Linear PCM audio is a high fidelity, uncompressed digital sampling of an analog audio signal.
PCM sampling is the method of choice for DVD movie soundtracks, as well as hi fi audiophile music production. Unlike mp3 and other highly compressed formats, PCM strives to emulate the original analog sine wave as closely as possible.
Linear PCM audio is not difficult to repair when it is alone in the file:
Linear PCM can have several subtypes:
- resolution can be, from coarse to fine: 8 bits, 16 bits, 24 bits (integer) or 32 bits (float or integer).
- byte order is either little-endian or big-endian
- there can be one or several channels, each channel can be mono or stereo
- sampling frequency can be, from coarse to fine: 8000, 11050, 16000, 22050, 32000, 44100, 48000
Example of description given by QuickTime Player:
16-bit integer (Big Endian), Stereo, 48.000 kHz
Treasured can detect Linear PCM in damaged audio files, but it doesn't "preview" it.

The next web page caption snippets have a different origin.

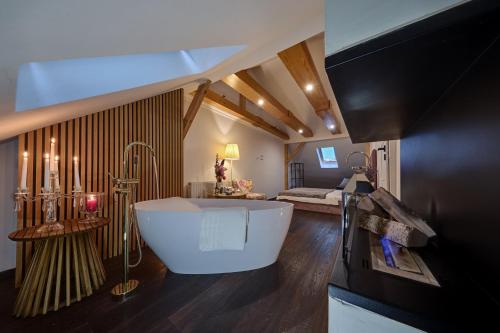 a large bathroom with a bath tub and a bedroom at Luxury Heaven Apartment - 116 m2 Fireplace 3 bedroom - Free Parking in Katowice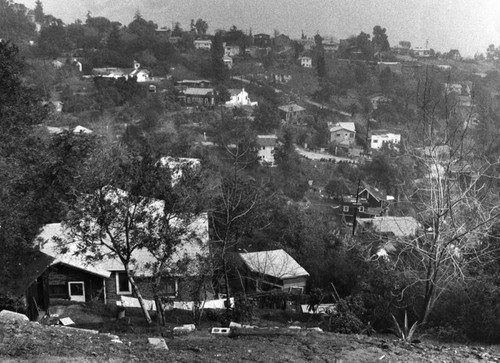 Weakened earth gives way in residential area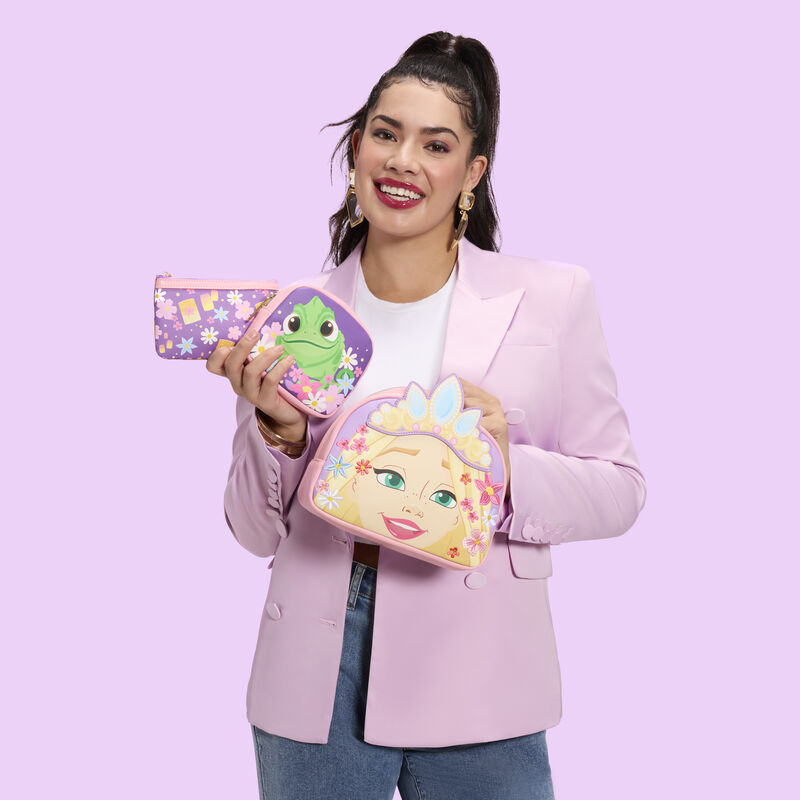 Woman wearing a pink blazer, white top, and jeans, holding the Loungefly Rapunzel Cosmetic Bag Set. She stands against a pink background.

How to repair a damaged Linear PCM file?
The easiest way is certainly to ask your Movie Repair Service to help you recover the unplayable audio file.
But for those who can program, here you have a few tips:
If the damaged file contains both video and audio, first you need to separate audio by scraping.
Then the audio raw data can be re-wrapped in an AIFF file quite easily.